A Bíblia do Peregrino (pag. 2604) comenta: A imagem da mulher na expectativa de dar à luz está carregada de ressonâncias históricas e proféticas: desde o grito triunfal da Eva em sua primeira maternidade (Gn 4,1) até as figuras escatológicas do livro de Isaias (26,14-19; 66,7-14), e como contraste violento Jr 4,31; no NT Ap 12. Is 66 fala do parto maravilhoso de todo um povo (em contraste com o lento e trabalhoso dos doze patriarcas), e menciona a alegria da festa.
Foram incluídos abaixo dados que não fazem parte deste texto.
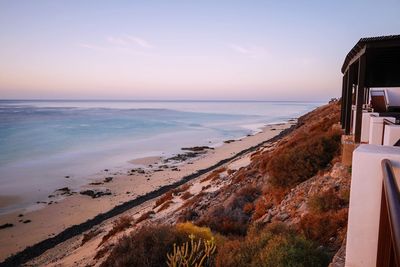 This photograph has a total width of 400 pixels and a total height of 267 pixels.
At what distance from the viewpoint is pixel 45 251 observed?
12.5 metres

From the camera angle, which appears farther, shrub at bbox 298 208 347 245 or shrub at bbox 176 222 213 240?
shrub at bbox 176 222 213 240

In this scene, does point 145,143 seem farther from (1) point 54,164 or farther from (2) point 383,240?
(2) point 383,240

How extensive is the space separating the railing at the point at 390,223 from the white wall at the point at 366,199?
0.33ft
Is 26 é mais audaz, fala da terra mãe que dá à luz mortos vivificados. Na especulação judaica se falava das dores do parto que abriram a porta para a era messiânica.

No contexto imediato da ceia, a imagem fala da fecundidade da paixão e morte de Jesus, da dor partilhada dos discípulos e da próxima alegria que o ressuscitado trará. No contexto mais amplo da Igreja, enuncia uma condição permanente: o sacrifício por amor e a alegria da sua fecundidade. O mundo não arrebata com suas perseguições a alegria que o Espírito infunde (cf. Sl 4,8; Is 35,10).

Naquele dia, não me perguntareis mais nada (v. 23a).

“Naquele dia” pode-se referir ao rever o ressuscitado (21,12), mas é expressão frequente que introduz anúncios escatológicos (dos últimos tempos ou após a morte etc.); pode identificar-se com o “dia do Senhor” (cf. como exemplo típico a série de Zc 12-14). Jo usa esta forma para indicar o dia escatológico que chega com a glorificação de Jesus. “Será um dia único, escolhido pelo Senhor” (Zc 14,7) e que se prolonga na história.

Acabar-se-ão as perguntas de agora, os pedidos serão escutados (v. 23b-24; perguntar e pedir são parentes, já que perguntar é pedir uma resposta). Reinará a claridade, a luz, e não mais as trevas (cf. 8,12). Os discípulos “não perguntarão mais nada” (cf. vv. 5.19), porque conhecerão a “verdade plena” (v. 13) pelo Espírito que revelará o sentido da morte e ressurreição de Jesus (sua partida para o Pai) e com isso também o sentido da nossa vida (de onde viemos, para onde vamos). Naquele dia escatológico, a mediação do Espírito não será mais necessária (por isso nem é mencionado aqui), quando olharmos Jesus na sua plena glória (cf. Ap 21,22s; 22,4s). Não perguntar mais é sinal de prefeita sintonia e comunhão (cf. 21,12).

O site da CNBB comenta: Nós hoje sentimos uma série de tristezas, que são causadas por causa dos acontecimentos do nosso tempo que se constituem em negação dos valores do Reino de Deus e que, além de trazer muito sofrimento para a humanidade, principalmente para os mais pobres e desvalidos, exigem de nós um testemunho corajoso de Jesus e do seu Evangelho, o que nem sempre é fácil porque na verdade somos fracos na fé. Mas devemos nos consolar e encontrar forças para esse testemunho a partir da promessa que nos é feita por Jesus no Evangelho de hoje, pois veremos Jesus e isso nos encherá de uma alegria que não nos pode ser tirada e nos levará ao pleno conhecimento da verdade.